WORK REQUIRED:
Pictures are to be left out; every line from the one with "М12 пуца преко реке Мозел, 1944." through the end of the data must be transcribed exactly.

DATA SHOWN:
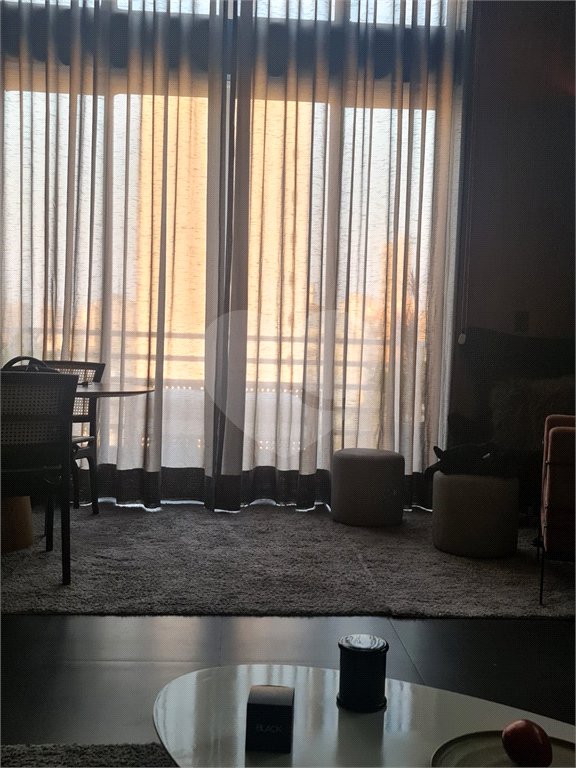 Apartamento à venda com 1 suíte em Vila Suzana, São Paulo, SP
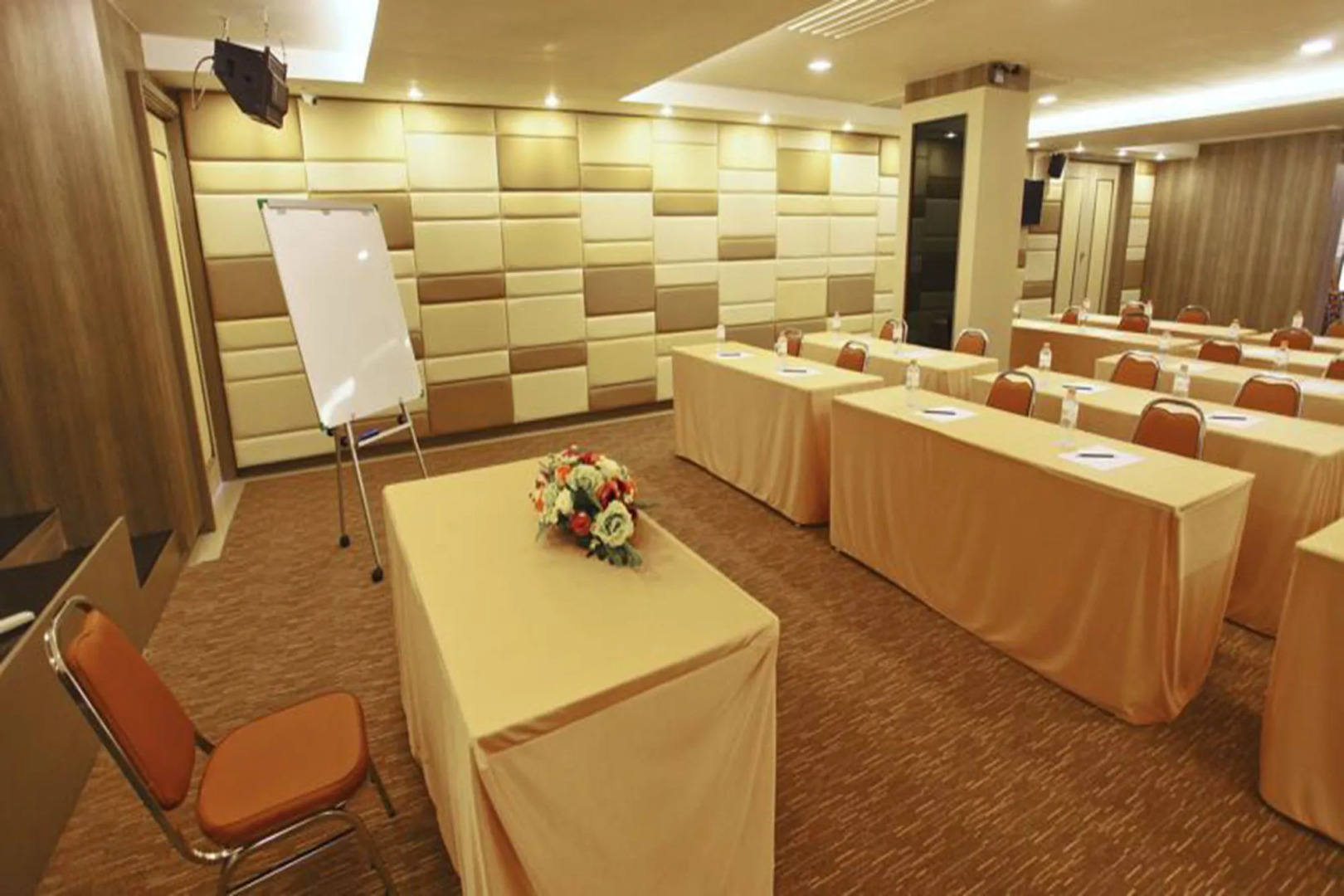Photo - Leenova Hotel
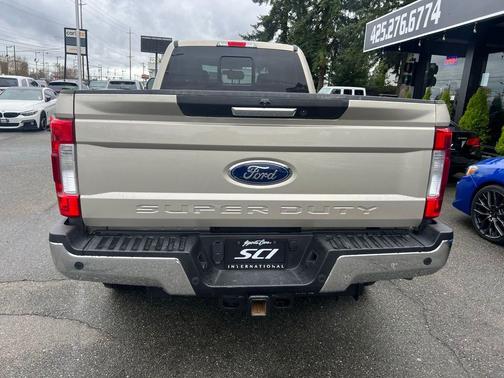 White Gold Metallic 2017 Ford F-350 Lariat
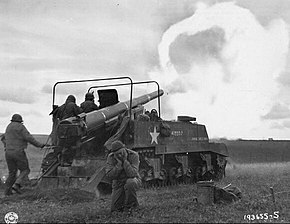 М12 пуца преко реке Мозел, 1944.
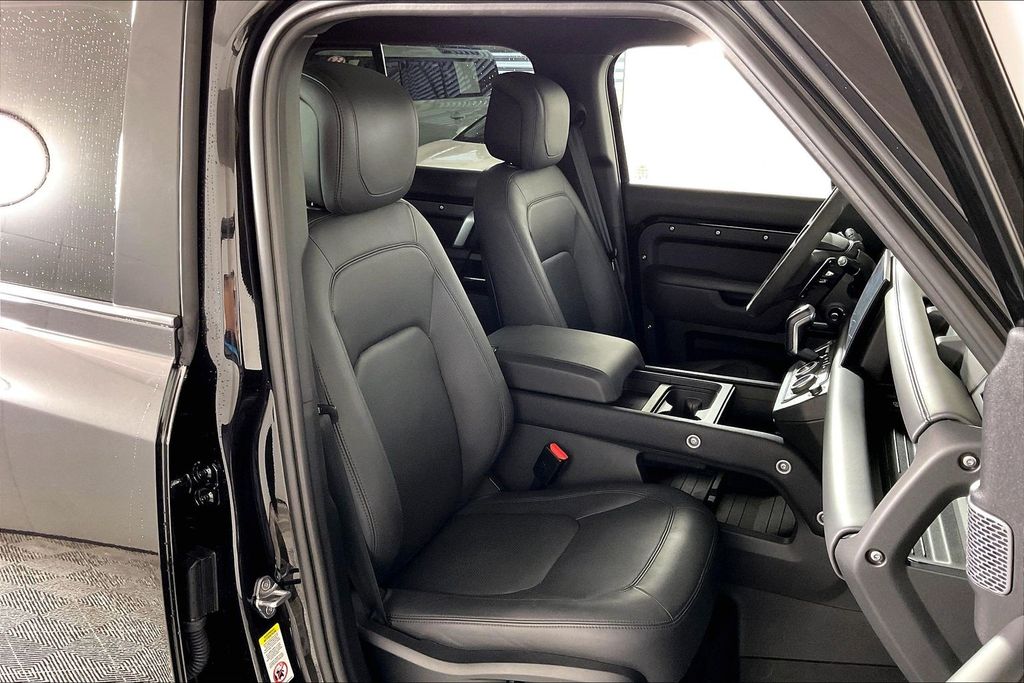 2024 Land Rover Defender V8 - Photo 6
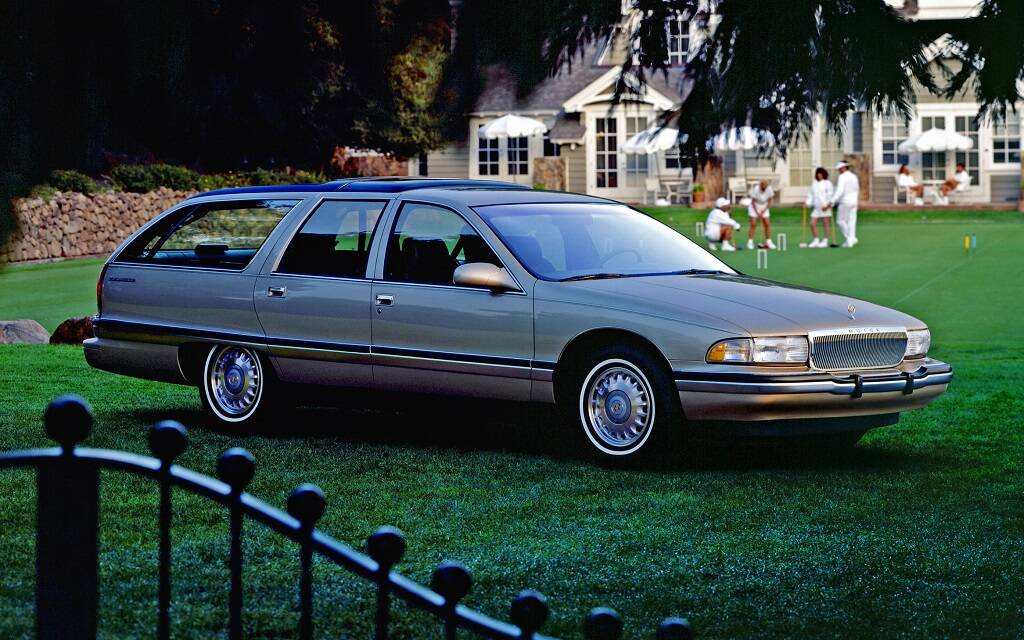 <p>Buick Roadmaster 1995</p>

OUTPUT OF THE TASK:
 М12 пуца преко реке Мозел, 1944.
 2024 Land Rover Defender V8 - Photo 6
 <p>Buick Roadmaster 1995</p>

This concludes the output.